That could help her get a restaurant job, but that type of work is often problematic for former inmates with drug problems, like Jennifer, who had a heroin addiction. After her first prison term, she got a job at a diner and soon got in trouble. “You’re working around people who are using,” she says. “I lost the job.”
Even so, she says, she hadn’t been making enough money to support herself: “I couldn’t deal and I couldn’t feel. I started doing stupid things. I started stealing.”
She’s hopeful this time will be different, as it was for Michelle Vanagel. Instead of the rooming house she went to the last time (“I was living with a bunch of addicts”), she went to the safe, structured, drug-free environment at the Dismas Home in Manchester.
The privately funded facility — a remodeled house on a quiet street — accommodates seven former inmates. Jack McCarthy, the co-director with his wife Julie, says, “Our project is meant to break the cycle of recidivism by creating a family atmosphere, something many never had, or if they had, it was one of turmoil and conflict. Here, they can begin to build trust.” Support also comes from volunteers like the students from St. Anselm College who are helping Jennifer with her resumé and computer skills.
On average, residents stay at Dismas Home, paying nominal rent, for five to seven months. Time enough, Jennifer says, to “hopefully” get a job that can support her. One thing she is sure of: “I finally have a good steppingstone.”
![]() Michelle Vanagel at Rise Above sober living center in Nashua |
“We have a lot of people trying very hard to prepare women for release, but recidivism is still too high,” says Liz Tentarelli, president of the League of Women Voters of New Hampshire, an organization that has focused on issues concerning female incarceration.
The latest statistics, she says, show 34 percent of women are back in prison within three years of being released. She notes that the rate has dropped for five years straight, as it has for the men, and she credits the “committed people” who are trying the best they can to help. “There are good things happening at the prison,” she says.
But not good enough. “If someone can’t earn a living because they’re working at low-wage jobs, probably part-time, they are more likely to recidivate,” Tentarelli says. “It’s understandable. If they don’t have enough money, they are going to fall back into old patterns. There is a definite need to have women more prepared.”
The League did a study back in 2009 that compared the men’s prison to the women’s in relation to preparation for release. Some of the highlights: Men had eight vocational programs; women had three. Men had a large space to work in, while the space for women was small to nonexistent. Men had classrooms where they can get a GED [now replaced with HiSET], a high school diploma and college-level courses, with general and law libraries as resources; for women, there was limited classroom space, with GEDs getting the emphasis. Only two women had earned a high school diploma at the prison in the previous 20 years.
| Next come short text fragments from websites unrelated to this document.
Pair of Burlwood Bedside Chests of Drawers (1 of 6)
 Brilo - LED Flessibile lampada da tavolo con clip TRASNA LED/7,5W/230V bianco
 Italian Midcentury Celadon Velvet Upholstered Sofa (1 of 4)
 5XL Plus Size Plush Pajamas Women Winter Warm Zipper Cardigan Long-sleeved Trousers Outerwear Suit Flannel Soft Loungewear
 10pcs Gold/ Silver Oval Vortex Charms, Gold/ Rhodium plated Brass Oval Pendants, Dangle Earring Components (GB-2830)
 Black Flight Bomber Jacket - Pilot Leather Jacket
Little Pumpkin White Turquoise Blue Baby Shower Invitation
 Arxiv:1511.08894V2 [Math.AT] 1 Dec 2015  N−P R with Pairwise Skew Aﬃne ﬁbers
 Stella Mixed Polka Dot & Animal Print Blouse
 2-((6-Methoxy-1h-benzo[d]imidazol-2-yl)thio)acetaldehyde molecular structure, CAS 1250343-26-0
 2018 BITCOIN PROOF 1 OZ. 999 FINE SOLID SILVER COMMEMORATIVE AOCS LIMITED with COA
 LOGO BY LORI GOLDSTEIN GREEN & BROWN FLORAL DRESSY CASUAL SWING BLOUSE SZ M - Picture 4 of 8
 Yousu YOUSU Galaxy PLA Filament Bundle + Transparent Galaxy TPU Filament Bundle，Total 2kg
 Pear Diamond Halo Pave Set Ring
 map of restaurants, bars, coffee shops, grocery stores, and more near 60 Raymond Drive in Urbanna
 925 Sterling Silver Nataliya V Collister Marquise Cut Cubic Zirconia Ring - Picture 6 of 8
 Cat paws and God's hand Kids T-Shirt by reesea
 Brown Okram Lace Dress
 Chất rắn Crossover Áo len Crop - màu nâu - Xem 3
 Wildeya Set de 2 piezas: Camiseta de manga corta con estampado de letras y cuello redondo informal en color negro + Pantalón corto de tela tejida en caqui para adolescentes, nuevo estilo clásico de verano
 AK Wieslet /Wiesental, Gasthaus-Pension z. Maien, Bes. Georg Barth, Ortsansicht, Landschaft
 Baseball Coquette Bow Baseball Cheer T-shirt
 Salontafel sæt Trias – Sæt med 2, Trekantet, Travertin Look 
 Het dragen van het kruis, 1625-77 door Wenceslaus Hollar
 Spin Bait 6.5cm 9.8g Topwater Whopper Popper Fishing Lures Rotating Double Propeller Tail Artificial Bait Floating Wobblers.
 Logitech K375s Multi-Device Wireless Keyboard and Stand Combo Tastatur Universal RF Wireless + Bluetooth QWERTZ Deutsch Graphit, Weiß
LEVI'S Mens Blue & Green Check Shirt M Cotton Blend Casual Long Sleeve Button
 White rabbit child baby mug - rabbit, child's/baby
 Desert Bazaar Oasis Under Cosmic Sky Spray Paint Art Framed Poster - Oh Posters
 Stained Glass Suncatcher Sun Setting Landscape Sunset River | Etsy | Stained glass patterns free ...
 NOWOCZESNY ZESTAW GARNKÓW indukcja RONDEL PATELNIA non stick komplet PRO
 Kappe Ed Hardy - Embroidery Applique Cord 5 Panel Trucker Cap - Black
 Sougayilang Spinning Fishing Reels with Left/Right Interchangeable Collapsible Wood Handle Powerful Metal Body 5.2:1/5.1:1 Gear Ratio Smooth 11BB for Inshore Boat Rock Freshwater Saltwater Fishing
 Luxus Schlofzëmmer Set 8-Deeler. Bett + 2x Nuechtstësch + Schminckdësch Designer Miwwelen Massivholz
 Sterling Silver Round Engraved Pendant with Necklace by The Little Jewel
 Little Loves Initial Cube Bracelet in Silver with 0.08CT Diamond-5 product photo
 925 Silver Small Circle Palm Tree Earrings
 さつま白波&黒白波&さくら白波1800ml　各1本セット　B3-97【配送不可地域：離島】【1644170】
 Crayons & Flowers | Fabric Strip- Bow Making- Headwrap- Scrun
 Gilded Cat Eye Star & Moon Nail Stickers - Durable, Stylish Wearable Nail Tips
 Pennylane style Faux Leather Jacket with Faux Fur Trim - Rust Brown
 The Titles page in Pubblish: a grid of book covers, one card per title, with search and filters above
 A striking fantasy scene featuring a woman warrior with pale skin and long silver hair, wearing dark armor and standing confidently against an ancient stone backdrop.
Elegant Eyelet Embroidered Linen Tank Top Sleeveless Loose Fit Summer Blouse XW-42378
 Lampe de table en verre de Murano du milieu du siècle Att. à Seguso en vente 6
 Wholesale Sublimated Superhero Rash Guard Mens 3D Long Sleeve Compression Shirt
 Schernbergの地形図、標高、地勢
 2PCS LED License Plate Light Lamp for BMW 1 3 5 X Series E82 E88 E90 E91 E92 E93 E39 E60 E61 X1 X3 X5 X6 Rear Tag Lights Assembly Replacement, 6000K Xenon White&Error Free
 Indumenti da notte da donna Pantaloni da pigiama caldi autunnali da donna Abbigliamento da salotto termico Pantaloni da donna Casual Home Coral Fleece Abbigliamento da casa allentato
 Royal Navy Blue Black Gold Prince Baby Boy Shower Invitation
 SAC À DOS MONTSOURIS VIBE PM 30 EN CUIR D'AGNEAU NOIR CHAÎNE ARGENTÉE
To advocates for female prisoners, the solution was obvious — a new prison that offers the same programs that male prisoners have.
The push for parity began back in the late 1980s. At that time, there was no prison at all for women; they were shipped out of state to serve their sentences, as far away as Colorado and Maryland. “It was appalling, both morally and legally,” says Elliott Berry, managing attorney at NH Legal Assistance in Manchester. “So many had children and family here. How do you keep families together, have a family to come back to, with that kind of distance?”
In 1987, Berry represented a female inmate who filed suit against the state claiming that it had violated the equal protection rights of female prisoners. A federal court found in her favor and ordered New Hampshire to provide parity with a prison for women in the state. The NH Women’s Correctional Facility in Goffstown opened two years later.
The facility was said to be inadequate from the start, not equal to what the men had. “Goffstown is such an inappropriate physical environment to provide anything close to equal conditions for vocational training opportunities,” Berry says.
There was talk of the need a new prison for years, but it never happened. Berry says, “You just have to shake your head. No one was saying it wasn’t necessary, but because there’s a dog fight for resources in the Legislature every two years, incarcerated felons can be pretty low on the political radar.”
In 2011, Berry represented four female inmates — Michelle Vanagel was one of them — in a class-action lawsuit to require the state to provide equal protection in several aspects of prison life, including educational and vocational programs. That prompted action to get construction going on the new prison. Groundbreaking happened in August 2014. It’s slated to open this fall, with still-to-be-determined programs that prison officials say will provide the skills most transferable to the community.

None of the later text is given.